The deceased is 64 or 65 years old. The woman that comes into the room is maybe 30. And is one of the most beautiful women I think I've ever seen in my entire life. [audience laughter] And I explained to her the situation. I said, "Your husband has been run over by a truck. And what we're asking for is a photograph because he's a very important person and we'd like to put his picture on page one of the Hearst newspaper tomorrow morning in San Francisco." "I understand what you mean," she says, and leaves. And she says, "I'll get you a picture."

 

Twenty minutes pass. She returns and she has changed into a nightgown much like one that you would see in an old Carole Lombard movie. I mean, it's got feathers and it's white satin. She's got a bottle of champagne and two glasses. And she says to me, "This is the happiest day of my life." [laughter] And she said, "We are going to fuck for three hours." [audience laughter] And I understood that I was a recently returned from London, Cambridge. And I understood that it was good manners to comfort the widow, which I did. [audience chuckles] And the three hours later I went out to the car. Seymour was asleep with his hat on the head of the wheel. And we drove away. And he said that I was somewhat slow coming back with a picture. I said that was true. And then he asked me what happened.

 

And I didn't have the heart to tell him. I couldn't say this to Seymour, and I tried not to.
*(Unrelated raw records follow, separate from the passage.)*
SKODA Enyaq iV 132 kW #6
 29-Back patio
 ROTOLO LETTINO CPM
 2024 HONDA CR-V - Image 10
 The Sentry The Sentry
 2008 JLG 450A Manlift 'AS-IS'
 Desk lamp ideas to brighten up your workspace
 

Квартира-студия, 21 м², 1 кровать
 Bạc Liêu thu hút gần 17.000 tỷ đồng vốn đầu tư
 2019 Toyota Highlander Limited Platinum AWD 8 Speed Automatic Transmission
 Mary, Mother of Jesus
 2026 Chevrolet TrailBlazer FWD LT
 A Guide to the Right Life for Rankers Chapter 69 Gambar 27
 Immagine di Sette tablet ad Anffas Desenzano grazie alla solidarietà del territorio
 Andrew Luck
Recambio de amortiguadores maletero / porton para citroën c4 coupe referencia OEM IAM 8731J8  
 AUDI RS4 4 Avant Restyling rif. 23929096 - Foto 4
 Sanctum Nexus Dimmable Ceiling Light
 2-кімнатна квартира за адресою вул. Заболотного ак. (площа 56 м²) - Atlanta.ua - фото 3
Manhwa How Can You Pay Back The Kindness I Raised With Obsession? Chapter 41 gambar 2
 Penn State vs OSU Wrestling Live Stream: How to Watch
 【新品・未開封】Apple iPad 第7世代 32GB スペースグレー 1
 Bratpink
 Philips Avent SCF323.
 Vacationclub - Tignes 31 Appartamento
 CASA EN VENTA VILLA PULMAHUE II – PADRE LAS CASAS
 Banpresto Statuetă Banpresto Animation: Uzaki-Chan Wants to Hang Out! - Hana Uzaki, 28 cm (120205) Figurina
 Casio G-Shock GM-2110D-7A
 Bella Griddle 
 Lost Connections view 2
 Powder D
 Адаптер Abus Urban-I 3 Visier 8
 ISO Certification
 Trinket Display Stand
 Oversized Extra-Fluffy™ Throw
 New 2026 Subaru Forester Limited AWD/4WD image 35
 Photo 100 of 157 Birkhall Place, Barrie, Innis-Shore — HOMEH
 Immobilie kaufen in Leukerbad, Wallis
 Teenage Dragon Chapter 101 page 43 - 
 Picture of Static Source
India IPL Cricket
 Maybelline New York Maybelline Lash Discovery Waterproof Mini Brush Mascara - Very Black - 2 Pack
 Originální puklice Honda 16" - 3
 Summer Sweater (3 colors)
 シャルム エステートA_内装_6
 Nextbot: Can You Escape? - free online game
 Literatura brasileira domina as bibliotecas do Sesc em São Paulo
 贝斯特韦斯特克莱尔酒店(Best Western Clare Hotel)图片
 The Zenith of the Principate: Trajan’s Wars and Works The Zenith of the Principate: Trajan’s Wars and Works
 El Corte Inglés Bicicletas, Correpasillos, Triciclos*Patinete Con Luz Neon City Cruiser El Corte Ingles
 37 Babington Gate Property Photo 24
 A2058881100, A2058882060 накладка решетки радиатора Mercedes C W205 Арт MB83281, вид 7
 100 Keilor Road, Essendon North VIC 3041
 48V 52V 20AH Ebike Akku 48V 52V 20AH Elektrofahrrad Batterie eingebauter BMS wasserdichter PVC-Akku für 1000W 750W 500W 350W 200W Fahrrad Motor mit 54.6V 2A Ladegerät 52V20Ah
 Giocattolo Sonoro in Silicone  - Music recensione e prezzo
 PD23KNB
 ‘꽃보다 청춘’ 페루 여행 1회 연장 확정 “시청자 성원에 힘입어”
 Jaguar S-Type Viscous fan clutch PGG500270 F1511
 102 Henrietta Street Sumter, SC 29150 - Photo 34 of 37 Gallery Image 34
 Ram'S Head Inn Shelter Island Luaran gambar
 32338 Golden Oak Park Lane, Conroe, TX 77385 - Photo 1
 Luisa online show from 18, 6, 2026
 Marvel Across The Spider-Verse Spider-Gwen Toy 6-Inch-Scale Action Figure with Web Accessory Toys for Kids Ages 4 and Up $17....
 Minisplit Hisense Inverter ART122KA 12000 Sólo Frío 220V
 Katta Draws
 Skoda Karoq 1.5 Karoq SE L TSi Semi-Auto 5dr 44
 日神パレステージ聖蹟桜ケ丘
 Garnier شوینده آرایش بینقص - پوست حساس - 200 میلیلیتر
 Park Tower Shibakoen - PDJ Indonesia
But eventually he wrung the story out of me and never spoke to me again. Because I explained that whoever had walked through the door, that was the way it was going to be. “It could have been you, Seymour” I said. He never forgave me for this. Meanwhile, back at the Oakland press room, the refinement in those days was every Friday afternoon, there was a showing of stag movies that were collected by the vice squad raids. [audience chuckles] And these are the old movies. This is before pornographic movies have become common on HBO. I mean, people are wearing blue socks and brown shoes. It's an old kind of film, but nevertheless, it was a big hit in the press room. And they put it up on the wall. We didn't have a screen, but we had a white wall. And the vice squad that provided this every once a month. The vice-captain also provided a woman who he was having an affair with, who was a nymphomaniac, who was married to another very prominent citizen of Oakland. And she would present herself on Dougherty's couch every Friday afternoon-- I mean once a month to again the favored officials. I was not eligible for this. I was too young. Also, I wasn't sufficiently sophisticated because although very beautiful, the woman only had one leg, which was-- I wasn't up to that at the 22. [laughter]

 

Finally, this is once a month on Fridays. And then one terrible day, the word comes in from the courts that the vice squad captain has been named as correspondent in a divorce proceeding brought by the husband of the one-legged woman who is now accusing the vice-captain of destroying their marriage and he is the nominee. There were many others that could have played the part, but it was the vice-captain whose name was in the court document. And the document came into the press room. And this is when I was inducted into the last and greatest mysteries of the American newspaper business because for the first and only time, I saw Dougherty, Crowley, and Swann actually get off their couch and shuffle toward their typewriters to write the editorial that would appear in the next day's paper Examiner and the Chronicle and the Call-Bulletin. And their words were as heavy as stones. "The moral fabric of Oakland has been torn to shreds. [audience laughter] Women are not safe in the streets. How can such things be?" On the magnificence of their hypocrisy was a lesson that I have never forgotten. [audience laughter] I mean, a few days later I was reassigned to San Francisco, but I had an insight into the American news media that has stayed with me lot of these many years. Thank you.